В библиотеке Дома писателя, откуда я приносил множество томов и мог держать у себя сколько угодно, мне в руки попалась небольшая книжка дореволюционного издания - "Ад" Данте, из интереса к старой книге принес домой... Ведь я не один раз брал в руки "Божественную комедию" в переводе Лозинского, чтение не шло, также было и с Гомером, и с "Фаустом" Гете... Я взял книжку с собой на прогулку, забрел в Летний сад, открыл, вижу, перевод заведомо слабый, не размером поэта, тем не менее вдруг зачитался! Других частей "Божественной комедии" переводчик, фамилии его не помню, видимо, не одолел, но спасибо ему, он открыл мне Данте!
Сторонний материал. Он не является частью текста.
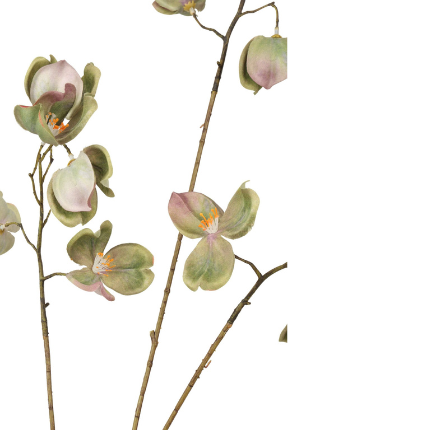 Kunsttak Flowerspray x3 80 cm Groen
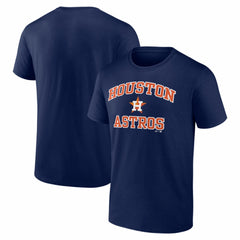 Houston Astros Logo Athletic Heart and Soul T-Shirt - MLB T-shirts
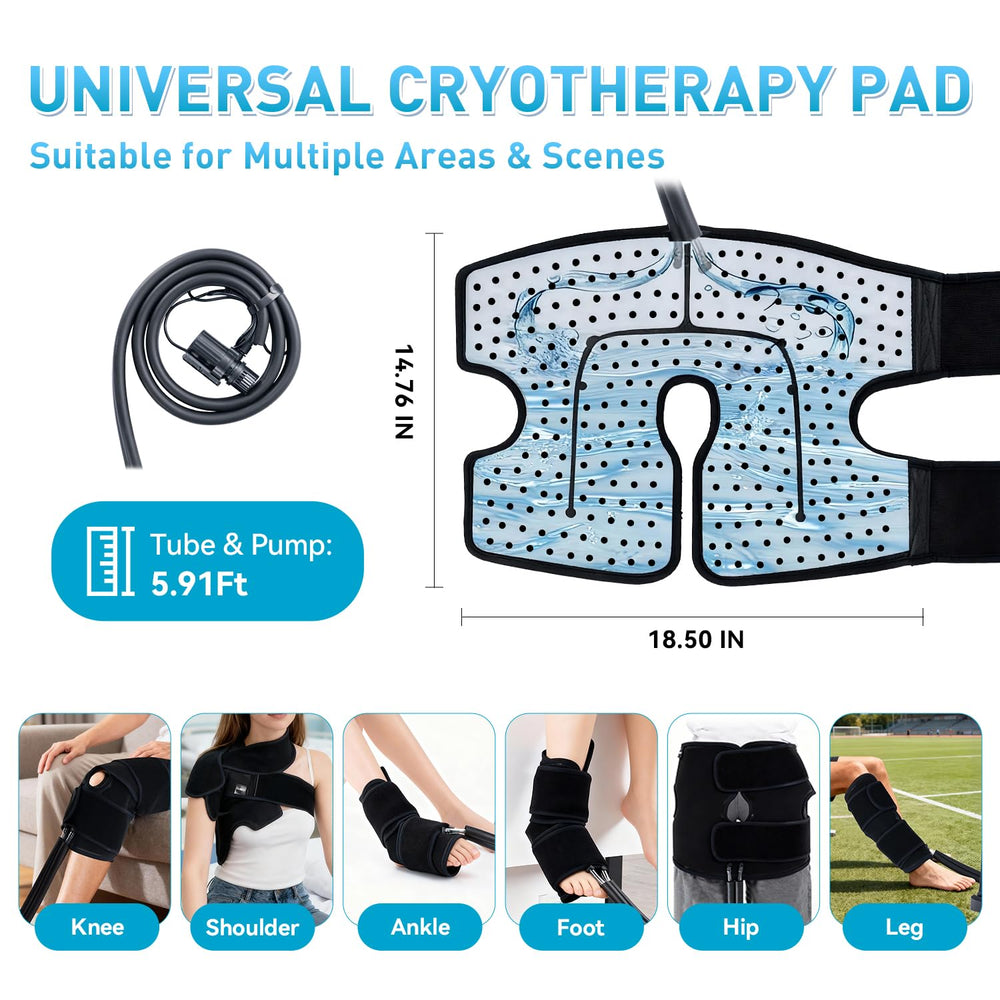 Golifen ultra-quiet pump keeps medical-grade therapy discreet.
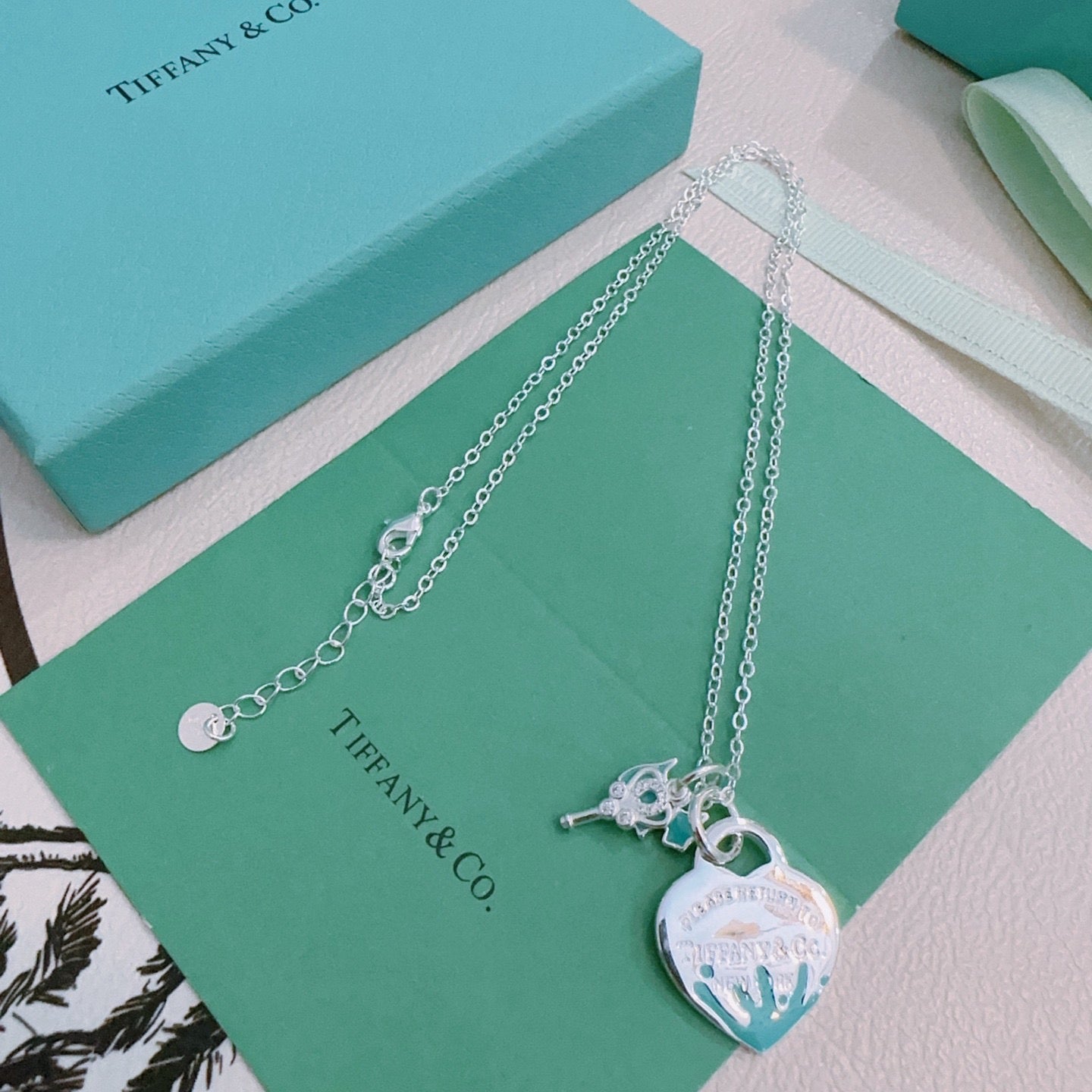 Signature Motif Pendant Necklace in Silver-Tone – Vintage Detail – Design 44 detail view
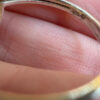 Ring with natural gemstones: sapphire, spinel, citrine, butterfly sterling silver 925, size O.~40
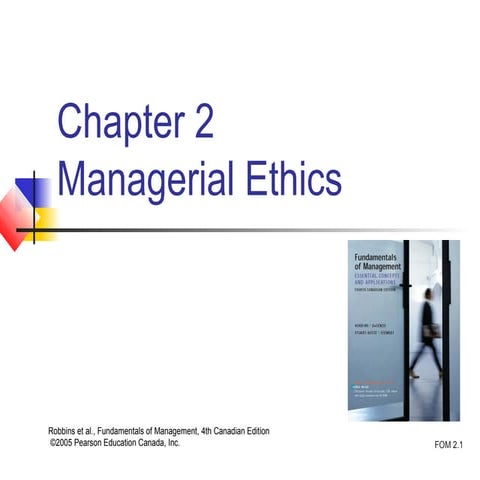 Managerial ethics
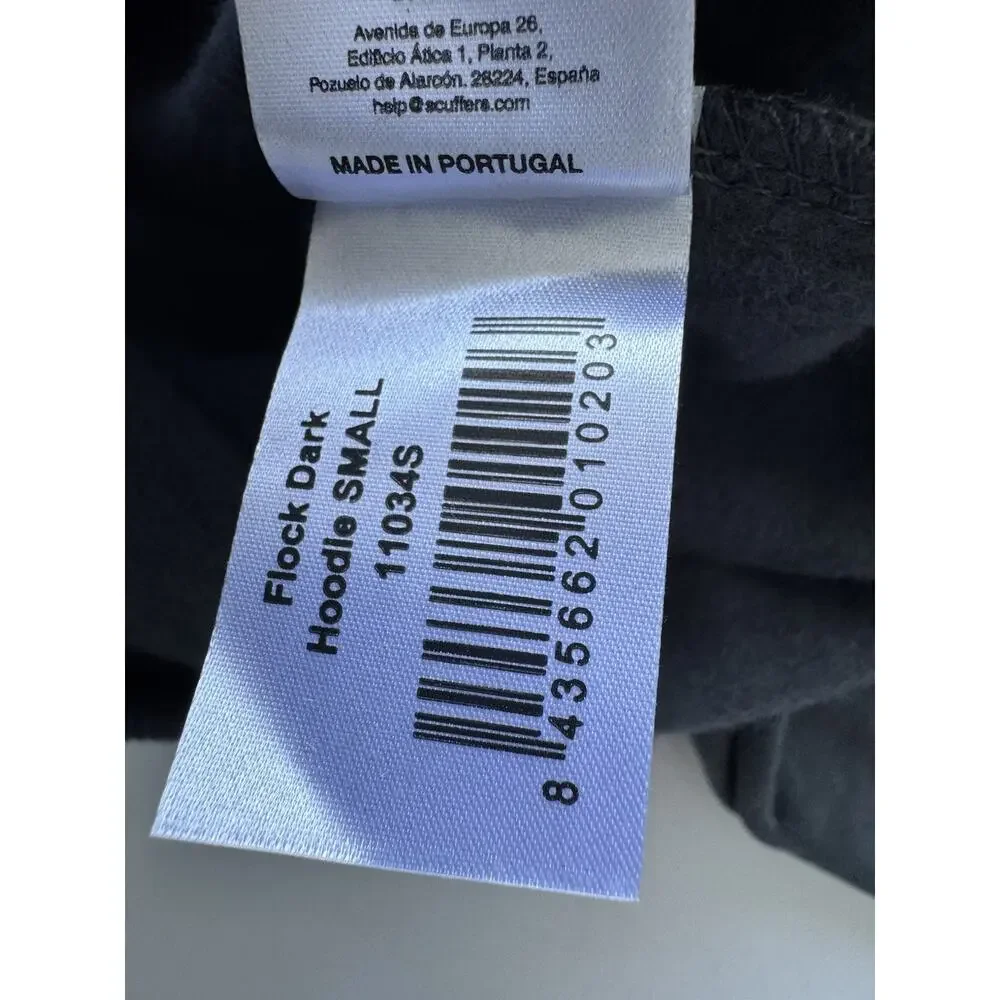 Scuffers Flock Dark Hoodie Unisex Size Small - Picture 4 of 6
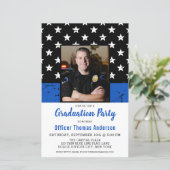 Budget Police Thin Blue Line Foto Afstuderen Invi (Staand voorkant)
Теперь я обратился к переводу Лозинского и много дней, может быть, лет провел с Данте, читая все, что им написано, читая все, что о нем написано.
С "Фаустом" Гете вот что было. У двоюродного брата я увидел два тома дореволюционного издания, с небрежно разрезанными страницами (от тети его жены, явно предназначенных для меня). Я взялся переплести, как упоминал, и вдруг зачитался - и трагедией, точнее мировой драмой по жанру, и комментариями, а затем собранием сочинений Гете...
И вот настал день, когда по счастливой случайности я приобрел в "Старой книге" Гомера (том из "Библиотеки всемирной литературы") и, очевидно, на радостях впервые зачитался им.
Величавая форма повествования (гекзаметр и длинные периоды) и под стать ей мудрость поэта во всем очаровали меня, изумили. Поэтически его нравственный мир - это идеал, это наше далекое будущее, твердил я. Разумный взгляд устанавливался у меня под влиянием совершенного мира поэта и на "жгучие тайны". Любовь Гомер понимает разумно и вместе с тем как нечто чисто природное, то есть необходимое. Теперь мне казалось, что идеал любви, ее норма, сама сущность ее находят свое высшее выражение не в горячечной страстности юношей и девушек (то "кровь кипит", по выражению Лермонтова), а в мирной, жизненно необходимой связи супругов в их зрелые годы при полном развитии их личности, любовь как природа сама тайно и необходимо присутствует в их жизни.
У Гомера поразительнее всего - речи героев и богов, на них все и держится. Каждая речь - это именно речь, нечто целостное, необыкновенная полнота выражения и взгляда, глубочайшее проникновение в жизнь... Из Гомера вышел Шекспир, это сейчас видно, особенно в речах Приама и Гекубы.
"Илиада" держится и на отчетливом, драматургически лаконичном сюжете: не война за Елену сюжет, это весь материал эпоса, или внешний событийный ряд; гнев Ахиллеса - этот эпизод в истории Троянской войны - и развертывается в сюжет, в котором на ином уровне все повторяется: теперь уже не Менелай пылает гневом на Париса за Елену (ситуация весьма двусмысленная, как раз для оперетты, и Гомер ее не упоминает даже), а Ахиллес на царя Агамненона за Брисеиду; без участия Ахиллеса в битвах война становится гибельной для греков и возвеличивается Гектор, пока он не убил Патрокла, друга Ахиллеса, и теперь снова вспыхивает гневом Ахиллес и Гектор неминуемо становится его жертвой; старец Приам у Ахиллеса - это вершина и конец "Илиады".